Repubblica — 21 novembre 2008, in prima pagina — ha pubblicato un articolo dello scrittore cileno, che racconta della sua amicizia con Toquinho e di "Questa strana società nata dall' incanto che da decenni gli procura la sua arte, la raffinatezza e l' allegria di quelle composizioni che costruì con Vinicius de Moraes e il piacere che prova di fronte a un chitarrista straordinario". L'articolo è arricchito da tutta una serie di aneddoti evocati proprio dalla chitarra di Toquinho, dalla quale - confessa lo scrittore - è rimasto stregato.






L'autore de "Il postino di Neruda" racconta la sua avventura musicale

Skàrmeta: scrivere con Toquinho

(Repubblica — 21 novembre 2008)

Da più di un anno, con le intermittenze che ci consentono le nostre vite nomadi, stiamo andando avanti, Toquinho ed io, a creare un album con musica sua e testi miei. Questa strana società è nata dall' incanto che da decenni mi procura la sua arte, la raffinatezza e l' allegria di quelle composizioni che costruì con Vinicius e il piacere che provo di fronte a un chitarrista straordinario. Ci ha uniti la reciproca simpatia, qualche accento umoristico, la devozione per la poesia (che alla lunga unisce la gente più delle cuciture e dei contratti) e questa meravigliosa abitudine che c' è in Brasile di mettersi insieme per inventare qualcosa, stimolandosi e perfezionando le proprie energie.Il risultato di tutto questo è che ora sono parceiro (socio) di Toquinho, che con ogni probabilità a febbraio andrà allo studio Biscoito Fino di Rio de Janeiro per incidere la nostra avventura.

Quello che non mi sarei mai immaginato è che nel corso di questo processo creativo comune, che ha avuto tappe in Cile, in Italia e a San Paolo, si sarebbe sviluppata anche un' amicizia che ha avuto il suo momento topico, fortemente simbolico, quando per il mio compleanno, Toquinho si è presentato nella mia casa di Santiago consegnandomi in regalo la sua chitarra. Di fronte alla mia perplessità, mi ha allungato un certificato scritto a mano che recita: «Ti regalo questa chitarra, che è stata mia compagna in mille spettacoli e con cui ho composto e inciso tante canzoni, tra le quali Acquarello».

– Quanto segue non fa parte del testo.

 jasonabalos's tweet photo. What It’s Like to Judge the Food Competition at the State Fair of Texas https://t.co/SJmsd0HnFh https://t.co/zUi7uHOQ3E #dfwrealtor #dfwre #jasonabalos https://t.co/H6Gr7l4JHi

Per ricambiare con la stessa moneta avrei dovuto conservare nei miei bauli la mia prima macchina da scrivere Underwood. Oppure la velocissima Olivetti Lettera 22 della mia giovinezza, che massacrai mettendo nei miei primi racconti più enfasi di quello che la fragile fanciulla italiana poteva sopportare. Alla fine ho preso in braccio la chitarra di Toquinho e nel giardino primaverile, con le azalee in fiore, ho profanato le sue corde sentendo le guance avvamparmi dalla vergogna.

Ai tempi in cui Toquinho cantava a Copacabana o nella Fusa con Vinicius e Maria Creuza, io mi accanivo in Cile con sprovveduti accordi contro una chitarra che avevo imparato a suonare (male) in una pensione della calle Mendoza, nel quartiere Belgrano di Buenos Aires, dove emigranti di Santiago del Estero aggredivano di sera zambas e vidalitas in cui piangevano l' assenza dei loro villaggi natii. Imparai a cantare La Nochera, Lloraré, Paisaje de Catamarca e quando persi il mio primo amore composi un blues feroce intitolato Ok, il cui verso chiave diceva: «è ok se te ne vai, molto bene, ma quando torni vedrai che non mi manchi, perché io starò ok». «Well and damn it and Okay», ruggivo colpendo la chitarra col dolore di un suonatore di blues di New Orleans. Ma la canzone non conobbe vita pubblica e la ragazza non tornò per vedere come «mi allontanavo da lei cantando le mie belle vendette». Come direbbe il collega Shakespeare: «Pene d' amor perdute».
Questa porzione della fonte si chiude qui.